Catwoman: Hunted is the newest, DC/WB anime feature, written by Greg Weisman/directed by Shinshuke Terasawa, with evident Guy Ritchie inspiration and Yutaka Yama's jazzy score groovin' throughout.
It's an ideal vehicle for the modern, goggled-version of Selina Kyle, in a solo exploit that would have worked as well for live action. With this said, Hunted (though as hip as any current installment could be) is more streamlined and traditional than the Halle Berry (as Patience Phillips) effort, in that it's stripped of all re-imagined emanation and/or ground-floor rebooting, opting to commence in the legendary heart of things.
For this particular tale, a Suicide Squad-sort set-up unfolds, with Kyle enlisted by Interpol on a mission to tease and mislead a powerful syndicate called Leviathan. If she succeeds, her global warrants disappear, but as Kyle's luck would have it, conniving characters enter to foil her audacious undertaking, including the regal Lady Minerva; the saucy La Dama; the brutal Black Mask; the vampiric Nosferata; the hulking Solomon Grundy; the ferocious Cheetah; and that swift-as-heck grinner, Cheshire.
Batwoman/Kate Kane also appears as Kyle's friendly foe. Kane is, in truth, a Batman understudy, rendered in a sexy, snug outfit. It's really hard to peel one's eyes from her, but even so, the redheaded crusader isn't so all-consuming as to marginalize our eponymous, emerald thief, who at one point even disguises herself as an old-school Batwoman for a huge, DC-character masquerade event. (FYI: The duo's bathroom tryst is one for the steamy books.)
At any rate, though the guest stars are plentiful, Catwoman remains the tale's focus. In fact, viewers are fated to relish Kyle's contagious, good-girl/bad-girl duality and every one of her heartthrobbing moves. (Though she handles a whip, it's only there for obligatory means, leaving Kyle's kicks, somersaults and dandy derriere to command center stage. Sorry, but for me the whip isn't essential to Kyle's attire.
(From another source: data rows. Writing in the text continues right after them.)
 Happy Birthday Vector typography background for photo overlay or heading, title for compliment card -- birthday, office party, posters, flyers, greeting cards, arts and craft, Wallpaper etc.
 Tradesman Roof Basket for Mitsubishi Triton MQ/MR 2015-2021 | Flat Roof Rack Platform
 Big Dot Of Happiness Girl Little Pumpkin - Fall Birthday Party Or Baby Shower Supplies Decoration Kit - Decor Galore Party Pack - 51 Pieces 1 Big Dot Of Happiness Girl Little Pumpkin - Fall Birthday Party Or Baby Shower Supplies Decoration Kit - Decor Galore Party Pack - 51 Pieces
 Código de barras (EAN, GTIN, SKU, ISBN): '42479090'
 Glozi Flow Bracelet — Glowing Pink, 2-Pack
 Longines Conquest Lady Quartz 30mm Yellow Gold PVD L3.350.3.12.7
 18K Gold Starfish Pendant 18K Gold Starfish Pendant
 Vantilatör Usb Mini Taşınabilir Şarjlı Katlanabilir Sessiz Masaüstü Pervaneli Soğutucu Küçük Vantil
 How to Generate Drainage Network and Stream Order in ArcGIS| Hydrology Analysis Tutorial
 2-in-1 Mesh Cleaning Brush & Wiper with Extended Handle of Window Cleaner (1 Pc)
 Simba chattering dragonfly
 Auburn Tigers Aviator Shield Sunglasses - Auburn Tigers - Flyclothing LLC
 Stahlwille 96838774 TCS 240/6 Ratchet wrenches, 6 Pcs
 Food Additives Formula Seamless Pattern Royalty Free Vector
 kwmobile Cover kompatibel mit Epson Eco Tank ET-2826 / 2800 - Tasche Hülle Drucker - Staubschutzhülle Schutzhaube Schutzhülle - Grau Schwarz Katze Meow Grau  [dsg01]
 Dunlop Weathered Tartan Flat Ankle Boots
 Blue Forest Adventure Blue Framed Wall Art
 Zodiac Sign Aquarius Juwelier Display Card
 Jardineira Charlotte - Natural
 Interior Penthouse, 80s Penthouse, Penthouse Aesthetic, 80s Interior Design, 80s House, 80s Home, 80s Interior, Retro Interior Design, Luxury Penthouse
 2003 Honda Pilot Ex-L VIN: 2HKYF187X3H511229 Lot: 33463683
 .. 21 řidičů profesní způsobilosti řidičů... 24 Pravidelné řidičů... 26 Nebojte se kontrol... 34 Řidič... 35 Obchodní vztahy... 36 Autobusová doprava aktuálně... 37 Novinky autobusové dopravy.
When it comes to comic-book lore, I say keep the LaRue-ing to Marvel's multiple Whiplashes.)
Hunted is also pleasing for its dissonant, though principled heart. Where a venue like Suicide Squad takes a consistent, Superfly slant to blur its moral perspectives, Hunted toys with the ambivalence only on an intermittent, melodramatic basis (rather like a cat returning to play with a ball of yarn). This places Kyle in a virtuous and respectable spot in most of the story's ka-powing sequences. (Having Kyle go rogue in a supporting capacity is acceptable, but for an insertion like Hunted, it's important she's more than a garish murderess.)
As one can infer, Hunted is worth the pursuit, fitting Catwoman to a tee, as it buffers the character's further revitalization via Zoe Kravitz in Matt Reeves' The Batman, set to dazzle audiences next month. Yep, a grand, new age of Catwoman is upon us. Me-ow!